In this instance, Modern Wealth Management CEO and Founder Dean Barber wants you to think of yourself as the pilot taking you to your dream destination. He encourages you to stress test your retirement plan for all those financial factors prior to takeoff.
“A pilot may have flown for thousands and thousands of hours, but they still go through a pre-flight checklist every time they get in the cockpit. They also have a checklist for if anything goes wrong during the flight,” Barber said. “They know exactly what the reaction needs to be so they’re not saying, ‘Oh my gosh! This is happening now. What do I do?’ If you stress test the plan and do it right, you’re going to know what action you need to take well ahead of time so you don’t make an emotional decision.”
Uncertainties in Your Career
Oftentimes, the plans for that dream vacation start formulating long before retirement. However, whether it’s during the flight to your dream vacation, your career, or in retirement, it’s pretty much inevitable that you’re going to encounter some turbulence along the way. Let’s start with some of those uncertainties in your career so we can get an even better perspective of the uncertainties of retirement. Here are five common questions that Dean says that pre-retirees should account for throughout the retirement planning process.
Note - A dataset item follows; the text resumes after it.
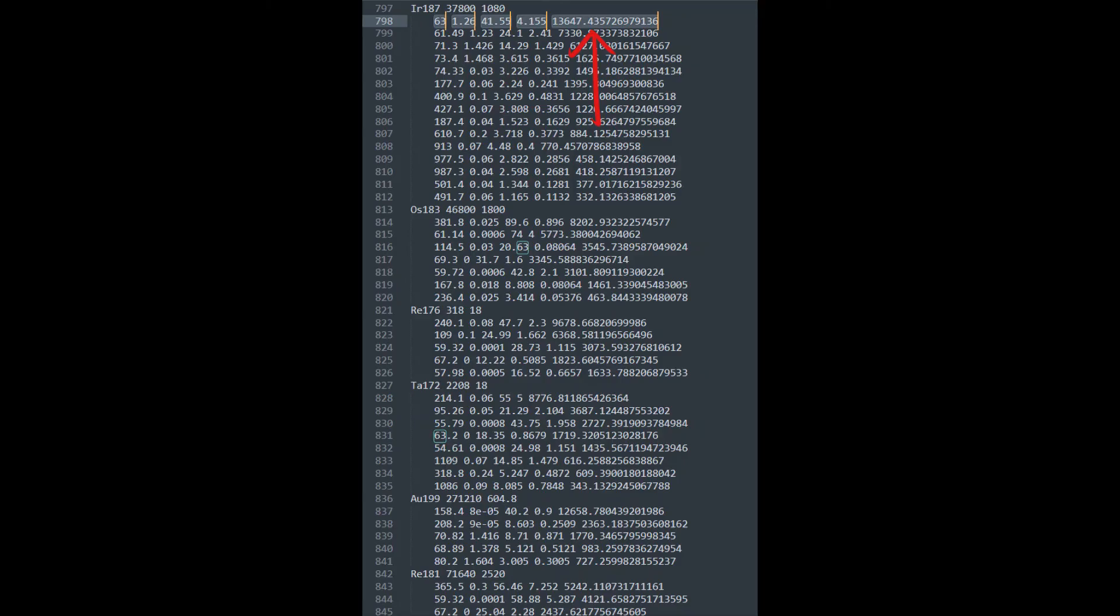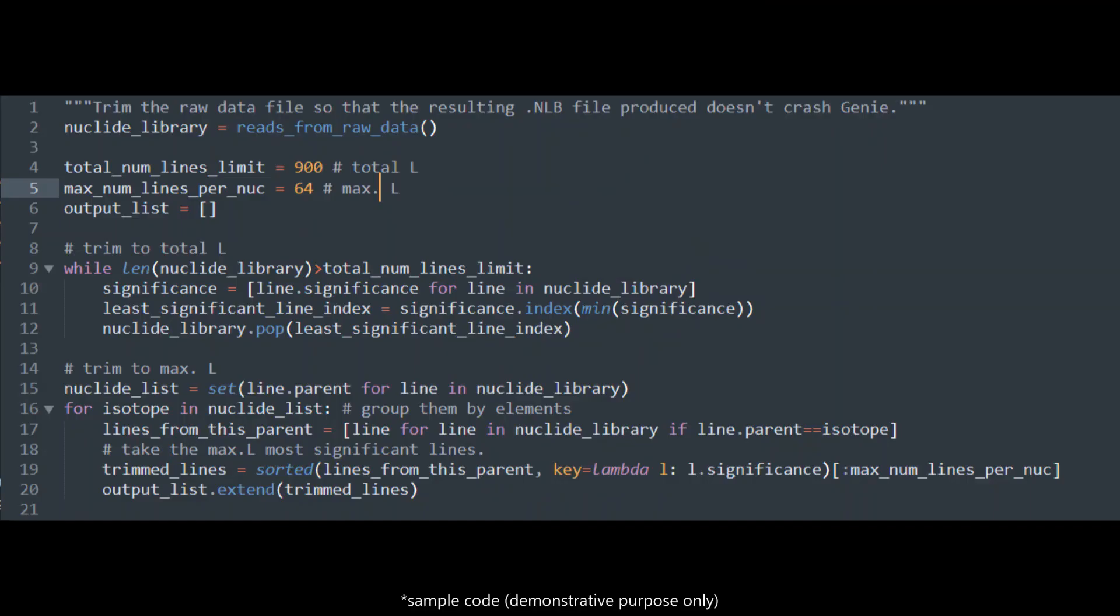Obviously you would want to only trim away the least significant and least detectable lines from the .NLB files. I've chosen to use expected number of counts as my measure of significance. I use a Python script to trim away the least significant lines from the raw data until the widest nuclide doesn't exceed 64 lines wide and the total number of lines from all nuclides doesn't exceed 900.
- When are you going to get your next raise?
- How much is that raise is going to be?
- How much job security do you have?
- Are you going to be forced to retire early?
- Is there a chance you could receive a demotion?
“People often get a false sense of security during their careers and think it’s permanent. They don’t save nearly enough to prepare for some unknown event that might happen and then they get caught off guard,” Barber said. “Very few people get to retire on their own terms. Far more retirees retire due to an illness of their own, an illness of a loved one, or an involuntary separation from an employer.”
Uncertainties in Retirement
As Dean illustrated, predicting when you retire isn’t easy. Whenever one of his clients retires, he tells them not to have a false sense of security during retirement either. Predicting the future of your retirement isn’t any easier, but it can be done with a dynamic plan in place.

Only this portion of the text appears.